Having accomplished this much for ourselves, we finally made some small provisions to preserve for our posterity what little was left of our remaining physical resources.
Despite a Constitution which tolerated these gross inequities, and despite the profits that accrued to the wealthy who promulgated them, the American people cast away this rule of cruelty. Eschewing the orchestrated violence of elitist, trickle-down, anti-egalitarian leaders, common Americans achieved their goals legally – not naturally or supernaturally.
With man-made law the American people upheld equal rights – which originated, and continue to be held in common, in the minds of our fellow human beings. Truly “anarchic” Americans thus chose to live “without rulers” excepting ourselves. To re-direct the famous Patrick Henry line: “If this be anarchy, we made the most of it.” And it worked.
But that was then. Now, a media-multitude of freedom-fetishists such as Paul Ryan would hijack the genuine anarchy of American Progressivism by cherry-picking self-serving phrases from the Declaration of Independence. They borrow the language of violent Revolutionary elitism in order to wage an economic campaign against an American government that was reconfigured by a century of legal, democratic revolution.
They, as ever, are corporate-men who envision America only as a place worth owning, while they vilify those who envisioned America as a place that should be worth living in. It is enough to make one wish for a law against criminal farce.
These Revolutionary imposters would have Americans believe that any American democratic-collective institution is synonymous with Soviet state-socialism; that the licentiousness of the privileged few is a necessary precondition for the economic prosperity of the multitude who work for them; that their business corporations are legal persons – and worse yet – that the constitutionally protected rights of such fictitious persons come from some mumbo-jumbo agency of “Nature and God,” quite beyond the authority of a citizen in possession of a ballot.
Then, almost as an afterthought, the Ryans and the other Randistas among us offer the fraudulent consolation that opportunity is somehow more valuable than outcome – as though an equal turn at rolling the dice gives all players the same stake in the game.
“We promise equal opportunity,” Ryan comforted his audience, “not equal outcomes.”
This is the logic of sperm. Perhaps the biologists among us may offer congratulations. Predictable outcomes make opportunities valuable, not the other way around, and if Ryan does not understand this concept perhaps he should find a stockbroker to explain it to him.

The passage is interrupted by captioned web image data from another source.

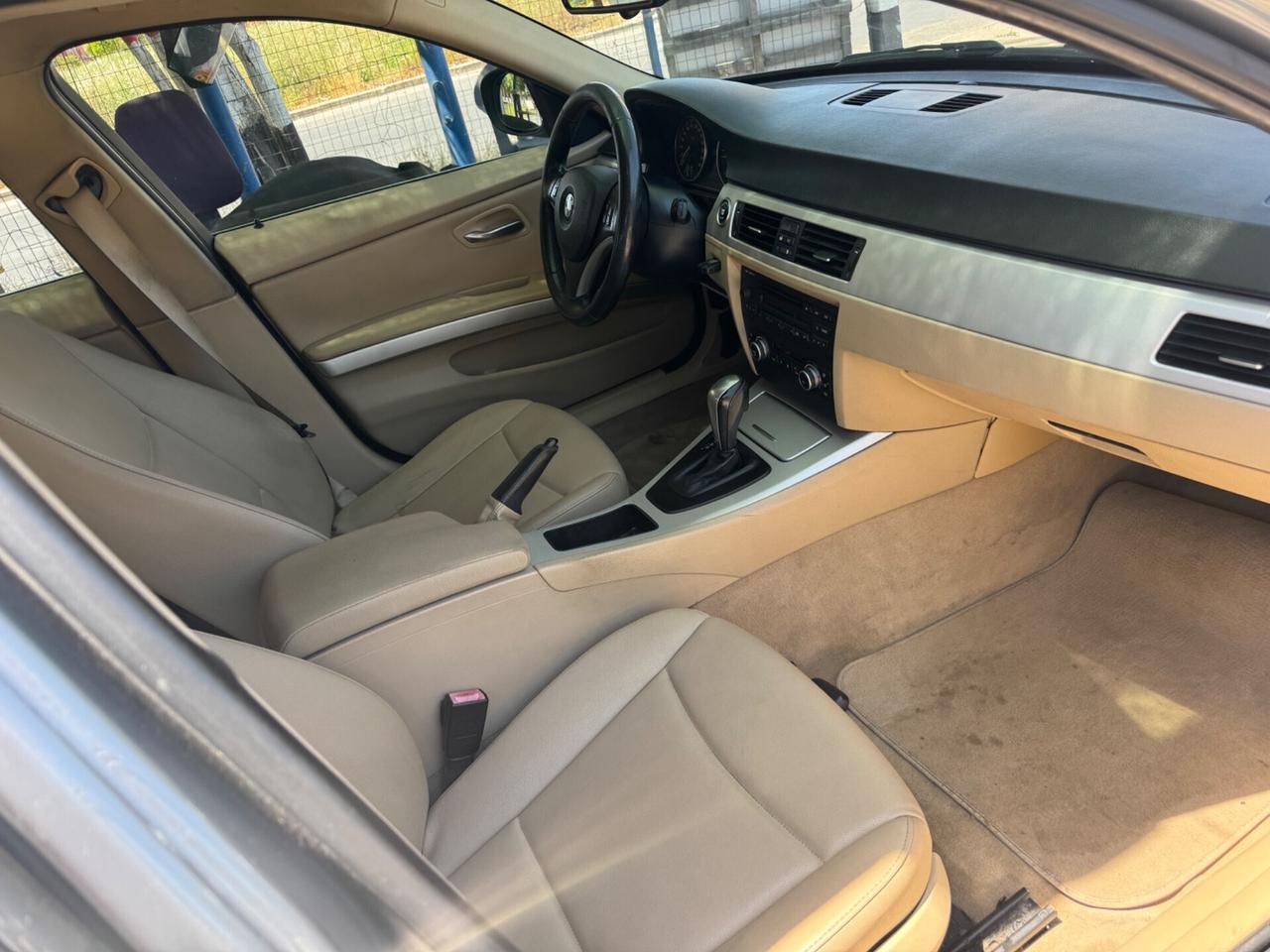 Bmw 320 320d cat Eletta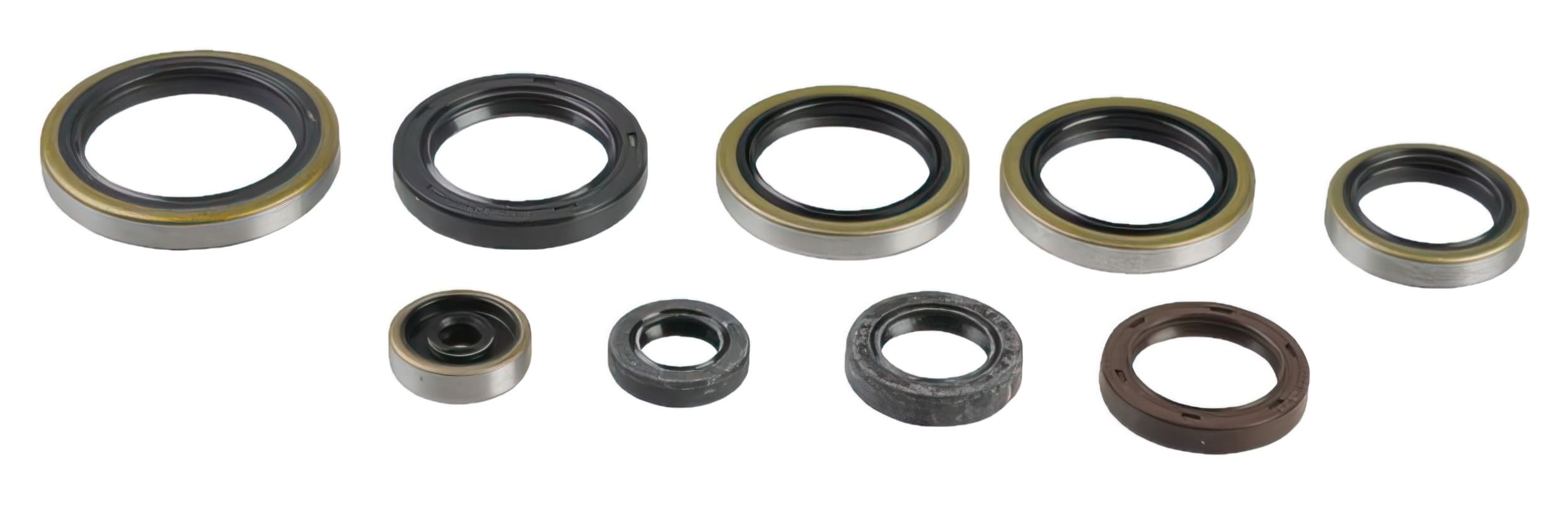 AT-09343085 Kit paraolio motore EXC 250 / TE 300, COD: AT-09343085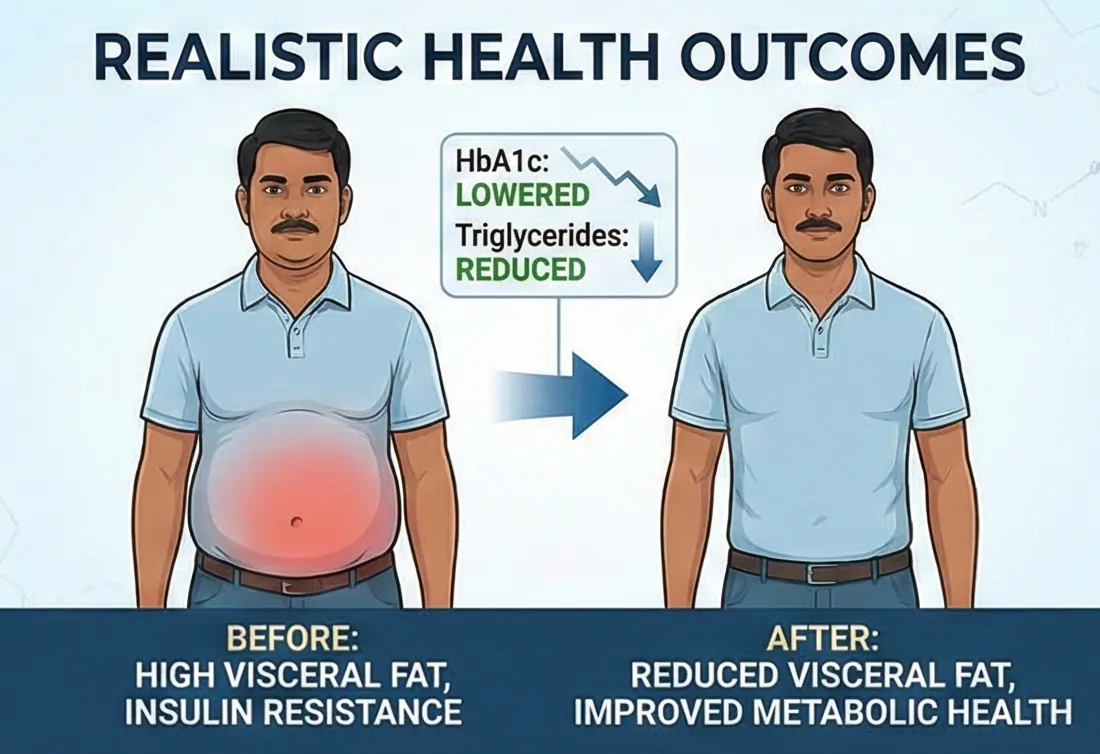 Doctor-Supervised GLP-1 Weight Loss Programs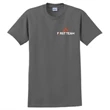 First Team Service, Prep, Collision T-Shirt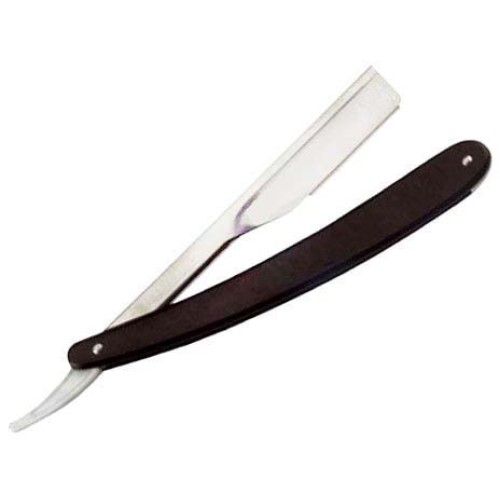 Italy style shaving razor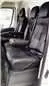 Fits Peugeot Boxer Van 2022  Front Seat Covers
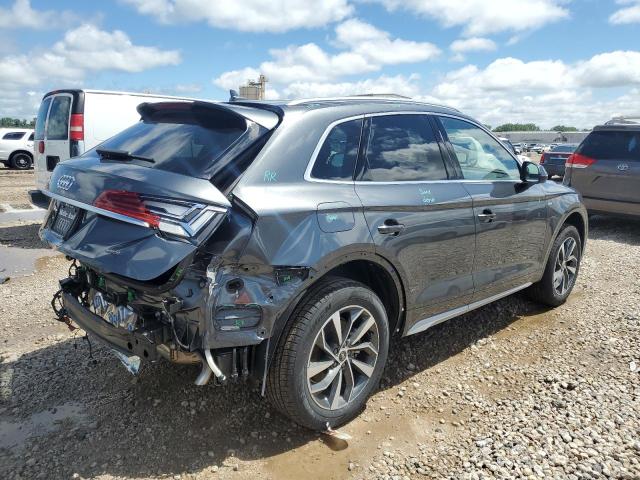 Photo 2 VIN: WA1GAAFY0R2077915 - AUDI Q5 PREMIUM 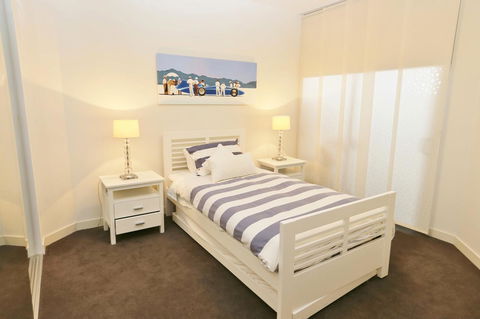 Dune On The Beach - Port Augusta Accommodation 5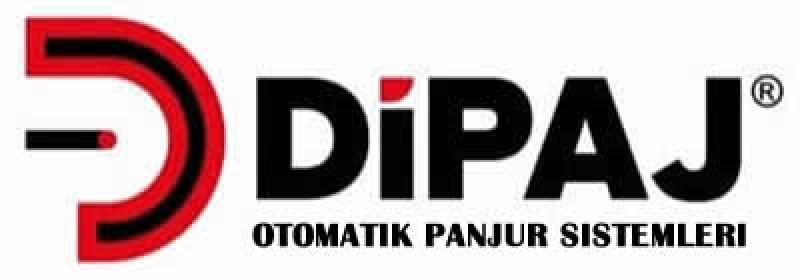 DIPAJ OTOMASYON MAKINA ELEKTRIK INSAAT DEMIR ITHALAT IHRACAT SANAYI VE TICARET LIMITED SIRKETI logo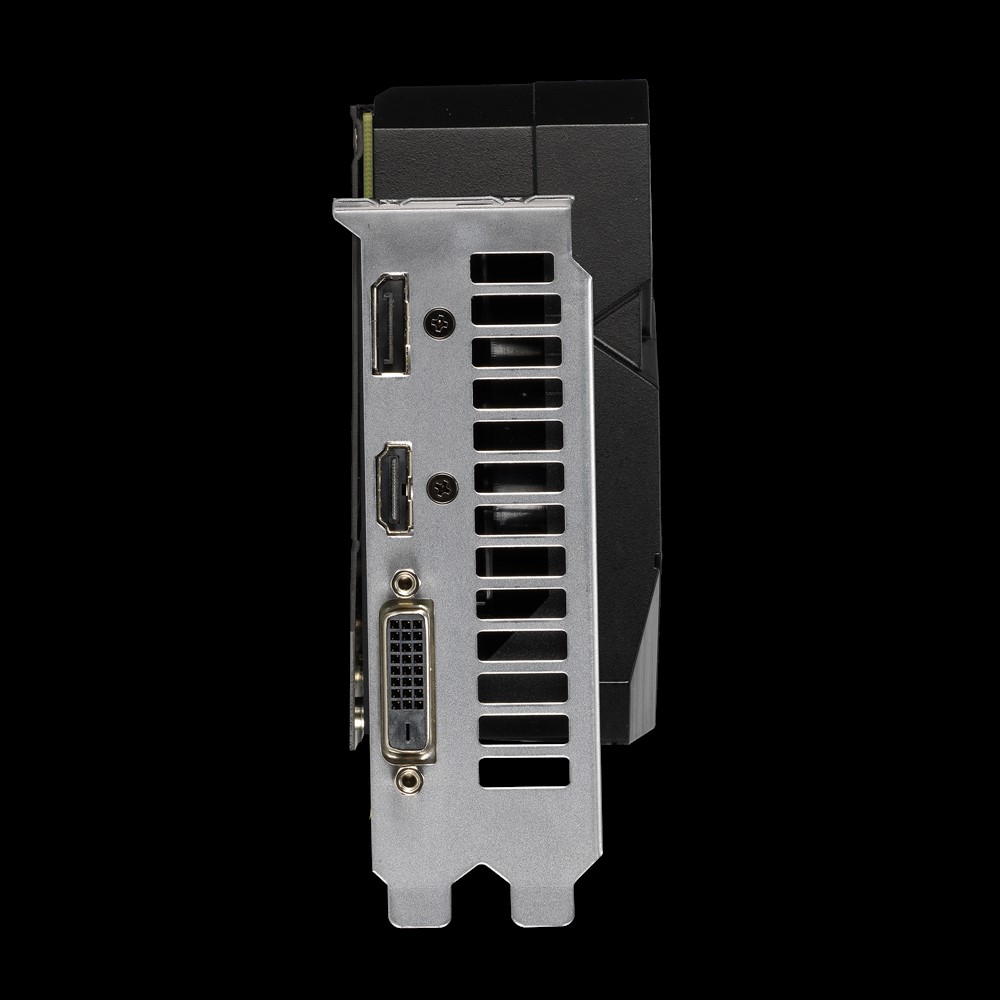 ASUS Dual -GTX1660S-O6G-EVO NVIDIA GeForce GTX 1660 SUPER – image 6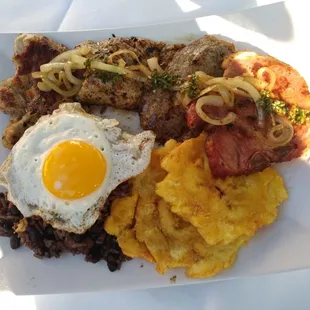 Completa cubana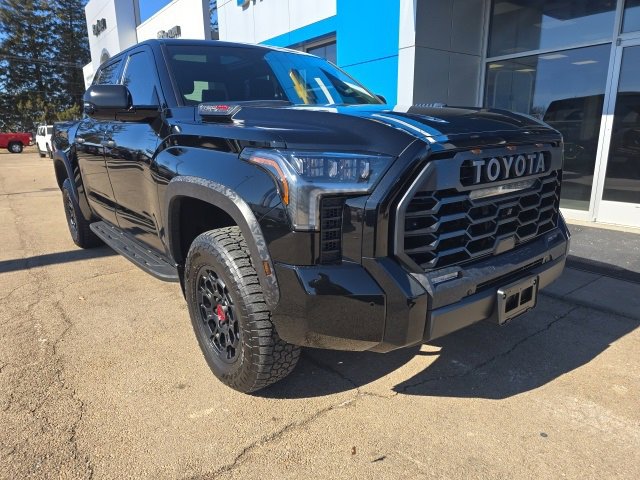 Used 2025 Toyota Tundra TRD Pro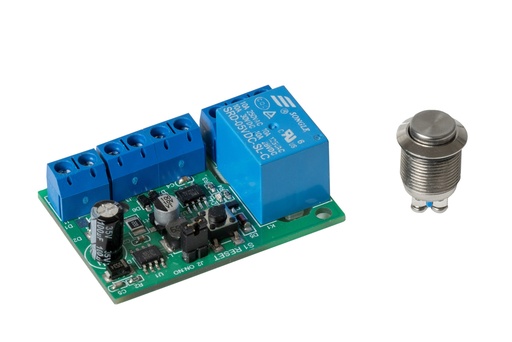 [SP50S] MAASLAND SABOTAGEPRINTEN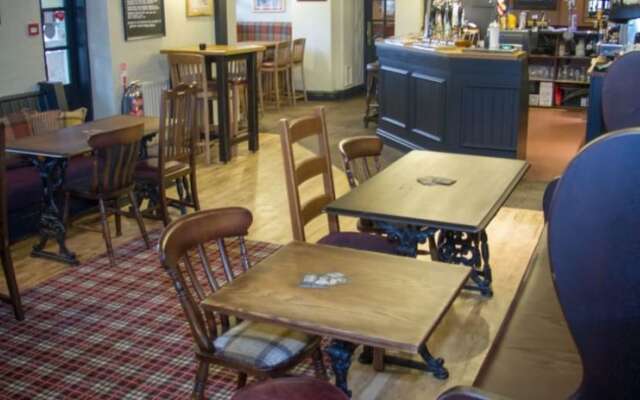 Station Inn Oxenholme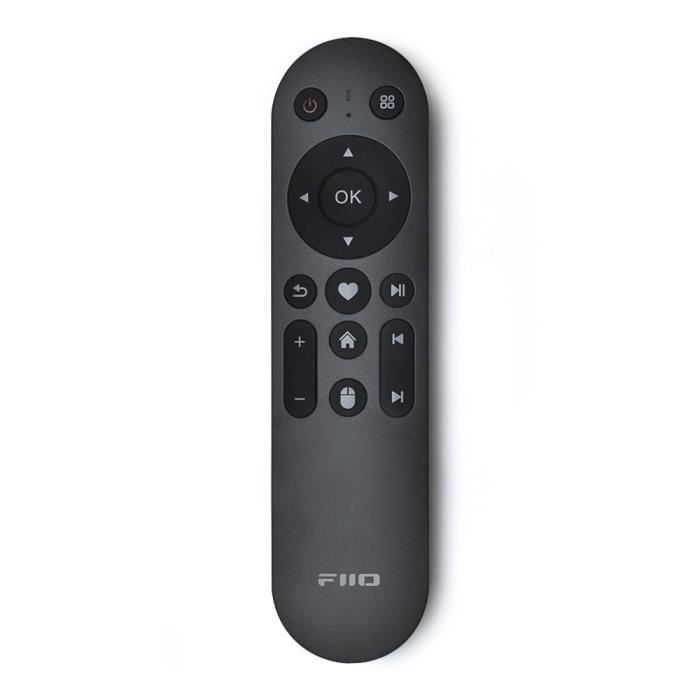 Télécommande Bluetooth - FIIO - RM3 - Télécommande simple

Most grievous, these faux Revolutionaries claim some hocus-pocus “natural law” as superior to human rationality, which admittedly is imperfect, but is arguably the sole attribute elevating the human condition above that of asparagus. In so doing, the worshipers of irrationality simultaneously deny Jefferson’s moral vision that human equality is the sine qua non of any civil society that deserves the consent of the governed.
“Our rights come from Nature and God.” Can this be true simply because some guy said so? More important, is this really the “idea” upon which the American nation was either founded, or ought to exist today?
No, it is not, and we know why it is not.
Ryan’s “idea” is the fantasy of a self-indulgent class who, like many of our elitist forebears, would arrogate to themselves the authority to say whose rights will bloom and whose will wither on the vine. His grand idea is merely the scheme of anti-democratic con-men, of fake Patriots, who would rescue self-government – not from any enemy, foreign or domestic – but only from itself. As ever, it is the idea of men who would be kings.